Max ran fingers through his hair. He was tired. Part of him never wanted to see or deal with Karen again. She brought with her a world too burdensome, too anarchic, too close to the bone.

“Sure,” he said.

“Don’t worry,” she said, as they made toward the door. “I don’t need to lose my entire grip, just loosen a few fingers.”

***

Decorated in the style of an old dude ranch, The Saloon was somewhere between a bar, a pub, and a museum. Karen ordered a Johnnie Walker Black on the rocks. Max ordered a beer. They slid into a booth in the far corner, huddled beneath a large buffalo head.

Tentatively, Max lifted his beer, sipped it. It had been a decade since his last taste, but it was not as bad as he remembered.

“This is the longest I’ve seen you with your hair down,” he said. “Not in a ponytail mood?”

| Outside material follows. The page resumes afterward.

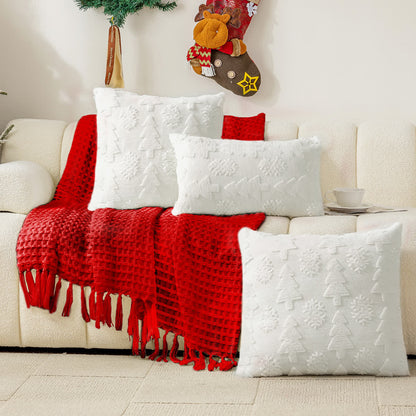Jacquard-Kissenbezug mit Weihnachtsbaum-Dekoration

“I think I left my scrunchie in Dwayne’s van,” Karen said. “Took it off when I napped and just forgot about it.”

“You could use a rubber band or something.”

“They’re rough on the hair, though. I figured I can let my hair breathe a little before I handcuff it again.”

“Sounds like you’re still in work mode.”

Karen looked at him.

“Handcuffing—sounds like Schoolhouse lingo.”

“Oh. Right. Well, fetishes don’t clock in and out.”

Max took a longer, fuller sip.

“It’s so weird. It just...ended. Dawn is such a sell-out.”

“Who’s Dawn?”

“The owner. She was so proud of the place, so proud to be...I don’t know....”

“Providing scarce services?”

“I guess. That she up and sells it off to someone whim-bam-boom is just strange. He must have offered her a lot.”

Max regarded her.

“You’re not....” Karen began. “I mean, you said he talked to you about being a part of this new venture of his? This gallery?”

“He did. And no, there’s no way I’m going to be a part of it.”

Karen exhaled. “Truth be told, I’m not sure how you would be.”

“What do you mean?”

“I don’t know really anything about it, but I got an impression from Rose and Monica that he wanted them still there. That he wasn’t going to lay them off.”

“He gonna make it a half-gallery, half-S&M dungeon or something?”

Karen shook her head, drank more. “Who fucking knows.”